Кое-что о мудрой вседозволенности
К 80-летию В.А. Сурганова (1927–1999)
«– Вы обратили внимание, как географически представлен на первом курсе наш семинар? – сказал Всеволод Алексеевич Сурганов на первом занятии руководимого им семинара критики Литературного института в сентябре 1985 года. – Одна студентка с Белого моря, другой студент – с Чёрного…»
Имена носителей такой географической полярности были потом увековечены не поступившим с первого раза в Литературный институт Павлом Басинским в его критической («документальной»?) повести «Московский пленник»: «В 80-м идиотов было трое: я из С., Лариса Шульман из Архангельска и Саша Люсый из Симферополя».
Долгие годы в моём сознании Всеволод Алексеевич Сурганов был преимущественно известным критиком, автором книги о деревенской прозе «Человек на земле» (известна также его монография о Леониде Соболеве). Я отдавал себе отчёт, что главный внесённый им в филологическую науку вклад заключался в том, что показано рождение самого этого феномена «деревенской прозы» из очерков, посвящённых жизни русской деревни. Специалистам, думаю, и сейчас интересно внимание Сурганова к переходным явлениям между остросоциальным очерком «овечкинской школы» и «деревенской прозой» с её нравственно-философской ориентацией и лирическим пафосом. Только недавно, перечитывая интервью Юрия Визбора, я узнал, что знаменитый бард числил среди своих первых учителей и Сурганова. Теперь всё встало на свои места и в моей памяти. Я понял, почему мне всё больше и больше вспоминаются не сами по себе отнюдь не менее содержательные, чем беседы у костра, критические семинары Сурганова, сколько одна организованная им поездка в Шахматово.
Кажется, ранней весной мы отправились с Ленинградского вокзала электричкой до станции Подсолнечная. Далее долго шли в северном направлении, минуя Тараканово. Прикреплённая к нам экскурсовод рассказывала, что усадьба Блока была невелика. Большая часть имения (всего 120 десятин) была под лесом. К дому вела въездная берёзовая аллея из редкого вида лирных. Лирная берёза… Не знаю, как для Блока, но это – дерево-тотем именно для Сурганова, думаю я сейчас, глядя на одну мелькнувшую в Интернете фотографию, на которой можно разглядеть его в молодости.
Всеволод Алексеевич, получая указания общего характера от экскурсовода, шёл с уверенностью выводящего из пустыни народ патриарха. Он шёл, как обычно независимо от погоды, с непокрытой головой.
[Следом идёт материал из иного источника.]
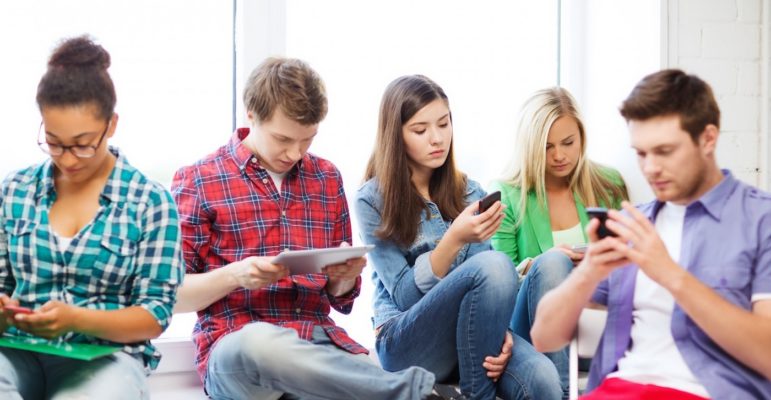 Smartphones Adolescents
И ветер развивал его длинные седые кудри, обычно спокойно вьющиеся на висках и затылке.
Путешествие, впрочем, оказалось довольно странным. Никакого Шахматова мы не нашли! Шахматово находилось в состоянии своего временного небытия. Сожжённый дом ещё не был восстановлен, и само его место было скрыто деревьями и кустарником. Экскурсовод, постепенно теряя уверенность и делая нам всё более расплывчатые указующие жесты, в итоге, когда уже начиналось смеркаться, недоумённо развела руками.
В наши странные литинститутские годы (1980–1985) благодаря таким носителям мудрой вседозволенности, как Сурганов, Литературный институт был пространством абсолютной внутренней свободы. Это было непростое испытание, включающее в себя и невозможность поступиться эстетическими принципами. Это испытание выдерживали не все. Время панихид по сокурсникам началось вскоре после периода похорон учителей.
Новое поколение, новый язык, новая земля. Самым устойчивым остаётся только ощущение пути. Сургановское.